▶ PROBLEM TO SOLVE
Produce a word-for-word copy of the listing below without its pictures.

▶ DATA SUPPLIED
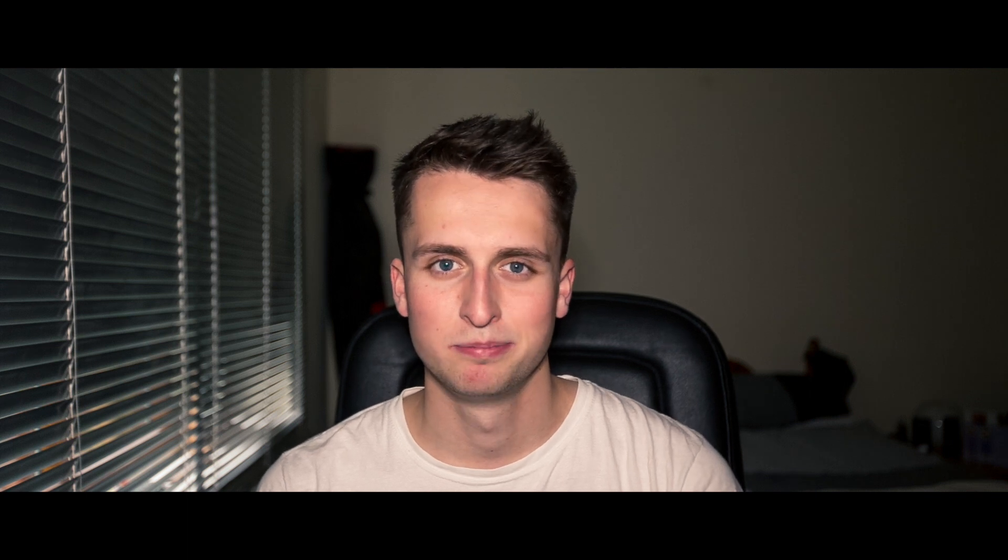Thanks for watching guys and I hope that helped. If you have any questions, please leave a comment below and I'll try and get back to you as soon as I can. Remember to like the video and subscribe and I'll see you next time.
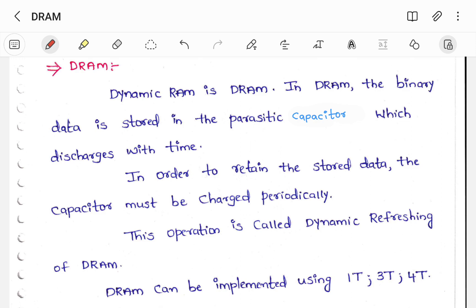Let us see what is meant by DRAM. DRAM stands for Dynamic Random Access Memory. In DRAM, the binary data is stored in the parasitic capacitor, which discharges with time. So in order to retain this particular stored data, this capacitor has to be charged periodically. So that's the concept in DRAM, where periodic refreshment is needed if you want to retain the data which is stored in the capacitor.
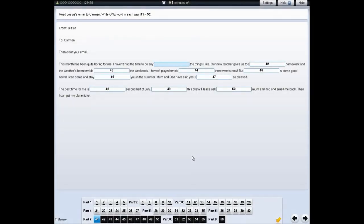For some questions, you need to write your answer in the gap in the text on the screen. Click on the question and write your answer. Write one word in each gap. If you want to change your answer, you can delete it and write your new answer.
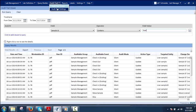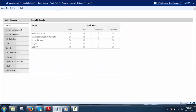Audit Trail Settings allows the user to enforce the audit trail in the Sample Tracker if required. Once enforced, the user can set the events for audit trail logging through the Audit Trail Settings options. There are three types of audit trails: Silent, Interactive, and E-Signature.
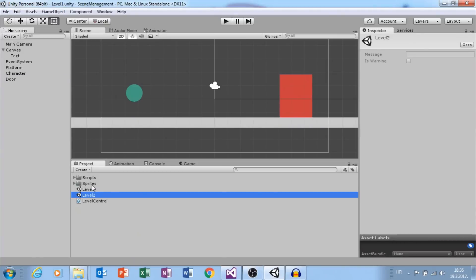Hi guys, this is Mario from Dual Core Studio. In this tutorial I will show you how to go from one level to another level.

▶ SOLUTION BELOW
Thanks for watching guys and I hope that helped. If you have any questions, please leave a comment below and I'll try and get back to you as soon as I can. Remember to like the video and subscribe and I'll see you next time.
Let us see what is meant by DRAM. DRAM stands for Dynamic Random Access Memory. In DRAM, the binary data is stored in the parasitic capacitor, which discharges with time. So in order to retain this particular stored data, this capacitor has to be charged periodically. So that's the concept in DRAM, where periodic refreshment is needed if you want to retain the data which is stored in the capacitor.
For some questions, you need to write your answer in the gap in the text on the screen. Click on the question and write your answer. Write one word in each gap. If you want to change your answer, you can delete it and write your new answer.
Audit Trail Settings allows the user to enforce the audit trail in the Sample Tracker if required. Once enforced, the user can set the events for audit trail logging through the Audit Trail Settings options. There are three types of audit trails: Silent, Interactive, and E-Signature.
Hi guys, this is Mario from Dual Core Studio. In this tutorial I will show you how to go from one level to another level.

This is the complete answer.